[Spatial localization data]
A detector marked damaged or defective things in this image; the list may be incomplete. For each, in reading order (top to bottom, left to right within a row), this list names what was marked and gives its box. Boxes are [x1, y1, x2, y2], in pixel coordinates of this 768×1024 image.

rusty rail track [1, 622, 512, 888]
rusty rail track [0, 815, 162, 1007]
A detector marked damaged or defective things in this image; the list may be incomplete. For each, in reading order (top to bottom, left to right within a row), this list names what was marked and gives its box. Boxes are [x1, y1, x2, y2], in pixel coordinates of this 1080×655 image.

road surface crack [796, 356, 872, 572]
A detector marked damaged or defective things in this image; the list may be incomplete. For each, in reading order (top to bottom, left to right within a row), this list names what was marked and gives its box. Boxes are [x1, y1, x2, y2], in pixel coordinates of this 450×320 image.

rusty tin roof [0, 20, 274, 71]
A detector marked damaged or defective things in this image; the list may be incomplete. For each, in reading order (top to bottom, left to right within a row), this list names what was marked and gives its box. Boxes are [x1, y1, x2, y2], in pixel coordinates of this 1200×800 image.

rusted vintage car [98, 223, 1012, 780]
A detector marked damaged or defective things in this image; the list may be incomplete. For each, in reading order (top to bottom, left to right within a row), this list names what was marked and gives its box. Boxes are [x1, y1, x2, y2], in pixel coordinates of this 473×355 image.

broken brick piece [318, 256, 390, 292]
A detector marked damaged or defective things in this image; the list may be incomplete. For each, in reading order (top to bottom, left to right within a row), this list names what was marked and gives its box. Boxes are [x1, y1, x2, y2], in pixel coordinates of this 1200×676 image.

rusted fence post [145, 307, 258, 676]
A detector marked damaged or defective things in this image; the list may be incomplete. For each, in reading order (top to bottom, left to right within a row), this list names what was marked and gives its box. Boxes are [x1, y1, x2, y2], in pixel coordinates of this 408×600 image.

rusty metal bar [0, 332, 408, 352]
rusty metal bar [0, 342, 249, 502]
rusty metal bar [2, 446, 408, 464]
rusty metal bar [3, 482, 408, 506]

# TASK DETAILS:
The line containing "this 1200×800 image." and all lines after it, through the last line of the data, should be retyped exactly.

# TASK ANSWER:
A detector marked damaged or defective things in this image; the list may be incomplete. For each, in reading order (top to bottom, left to right within a row), this list names what was marked and gives its box. Boxes are [x1, y1, x2, y2], in pixel coordinates of this 1200×800 image.

rusted vintage car [98, 223, 1012, 780]
A detector marked damaged or defective things in this image; the list may be incomplete. For each, in reading order (top to bottom, left to right within a row), this list names what was marked and gives its box. Boxes are [x1, y1, x2, y2], in pixel coordinates of this 473×355 image.

broken brick piece [318, 256, 390, 292]
A detector marked damaged or defective things in this image; the list may be incomplete. For each, in reading order (top to bottom, left to right within a row), this list names what was marked and gives its box. Boxes are [x1, y1, x2, y2], in pixel coordinates of this 1200×676 image.

rusted fence post [145, 307, 258, 676]
A detector marked damaged or defective things in this image; the list may be incomplete. For each, in reading order (top to bottom, left to right within a row), this list names what was marked and gives its box. Boxes are [x1, y1, x2, y2], in pixel coordinates of this 408×600 image.

rusty metal bar [0, 332, 408, 352]
rusty metal bar [0, 342, 249, 502]
rusty metal bar [2, 446, 408, 464]
rusty metal bar [3, 482, 408, 506]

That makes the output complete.